Records shown:
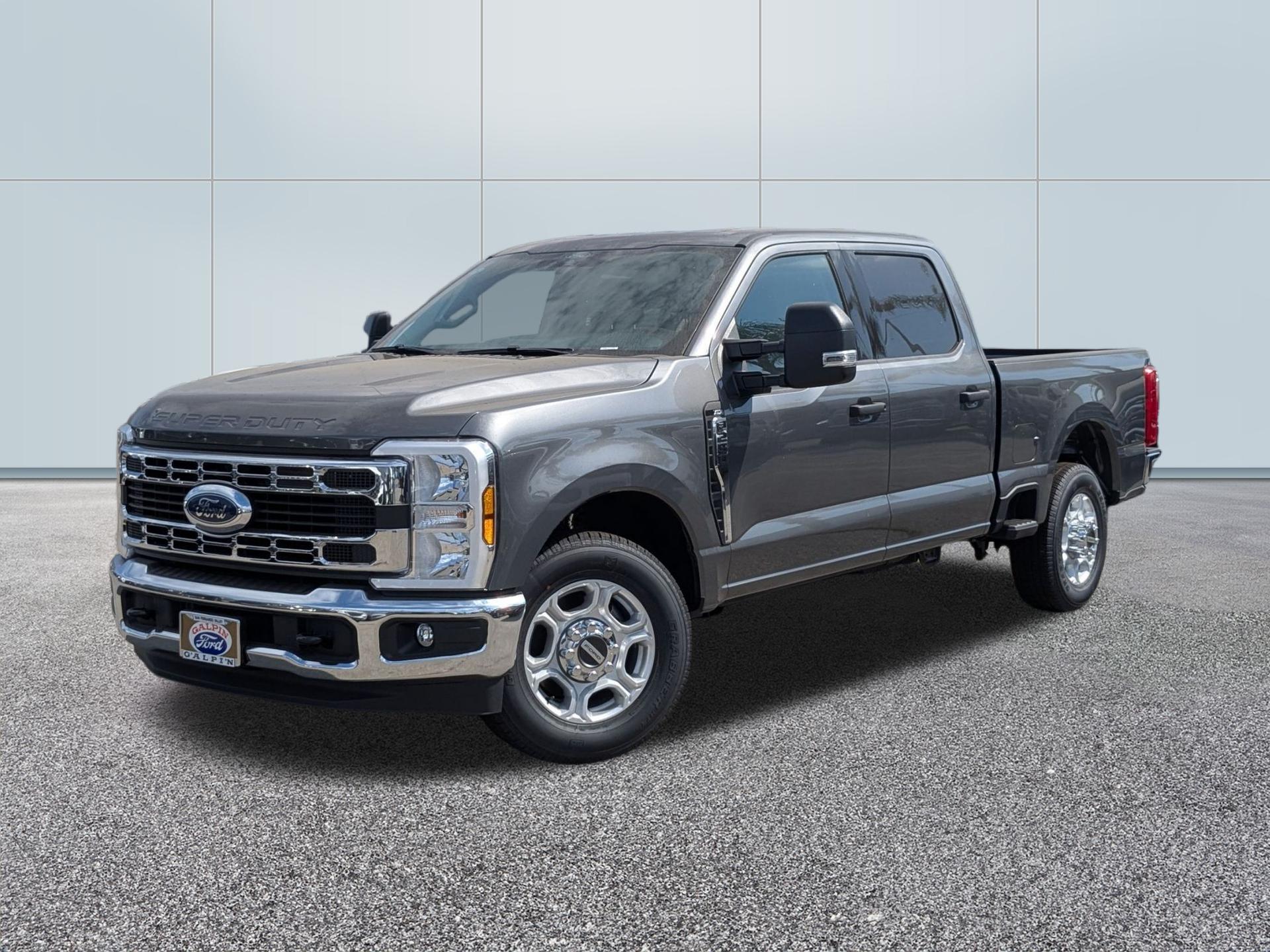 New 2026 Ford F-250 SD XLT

...

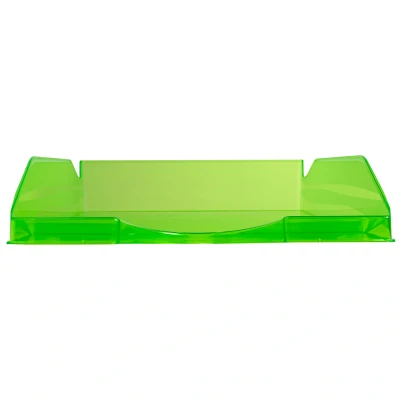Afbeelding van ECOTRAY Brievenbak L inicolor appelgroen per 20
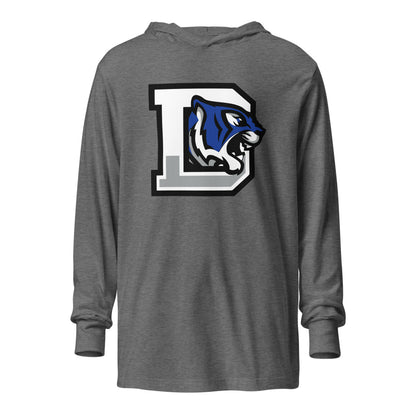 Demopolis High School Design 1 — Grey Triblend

Exercise prompt: Give back exactly the lines above from the one with "Afbeelding van ECOTRAY" through the one with "Demopolis High School", both included. Pictures don't belong in the copy.

Written solution:
Afbeelding van ECOTRAY Brievenbak L inicolor appelgroen per 20
 Demopolis High School Design 1 — Grey Triblend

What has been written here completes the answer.